Assess and be curious to the unplanned discharge

If clients want to end the work suddenly without reasonable explanation where risk features are evident; risk assess because

Sudden absences or increased withdrawal from services and commitments may be representative of suicidal advanced planning.

You can involve the pathway team too in informal connections to gather more information.

Consider other factors in the clients life- underlying neurodiversity, history of mental health illness, history of self harm, isolation or self isolating behaviour that has increased, difficult personal life circumstances and recent or pending changes. Speak to safeguarding lead as a matter of urgency and this might lead to involving the wider professional network if you have concerns and cannot get consent from the client.

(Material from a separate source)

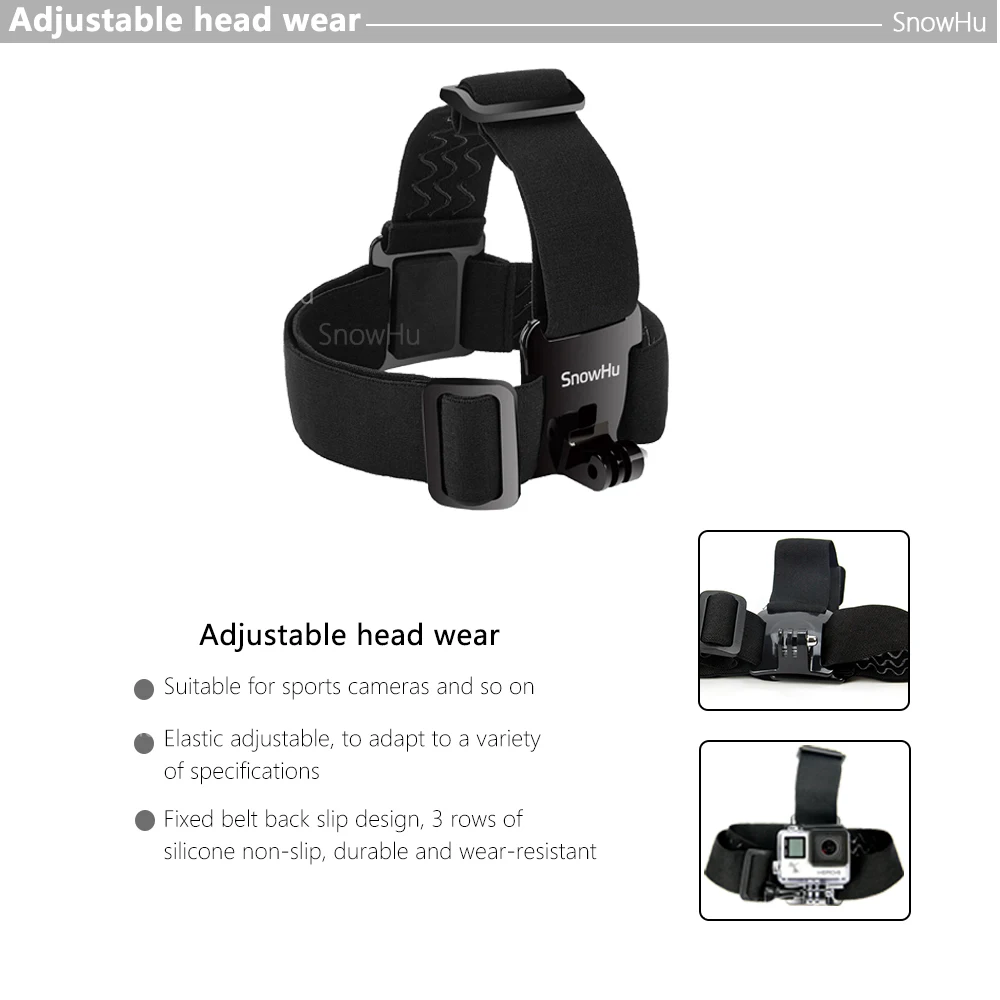 Аксессуары snowhu для GoPro набор Штатив go pro hero 8 7 6 5 4 комплект крепление SJCAM SJ4000 xiaomi yi k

Expectations of the practitioner
  • Review the work (preferably with the client) and complete the CORE assessment and closure forms including benefits of therapy.
  • Ensure that the client has a plan for moving forward that they can articulate or share or if preferred is written out.
  • For clients who have a history of being at risk, or who have shown features of risk in our assessments, always ensure there is a safety plan agreed in place and shared with other agencies on discharge (by client consent)
  • Risk assess with the client (where appropriate) the impact of the closure, potential added risks by the closure, history of closures and endings and strategies for management of abrupt endings.
  • Consider the Atrium Listening Service, Samaritans and community signposting and psyhcometrics as self monitors. Communicate with the client, routes back into our services.
  • For all clients who have required safeguarding or are linked with community agency pathways, ensure that other professionals eg.GP, Housing association are aware of discharge and plan agreed with client. You can ask the Pathway team to do this part for you.
  • Record your actions for closure in your notes on CORE and invite Pathway team to write their actions as appropriate on CORE front sheet/admin
  • GP informed of discharge and has agreed to monitor, safety plan in place, plan for continued work in place.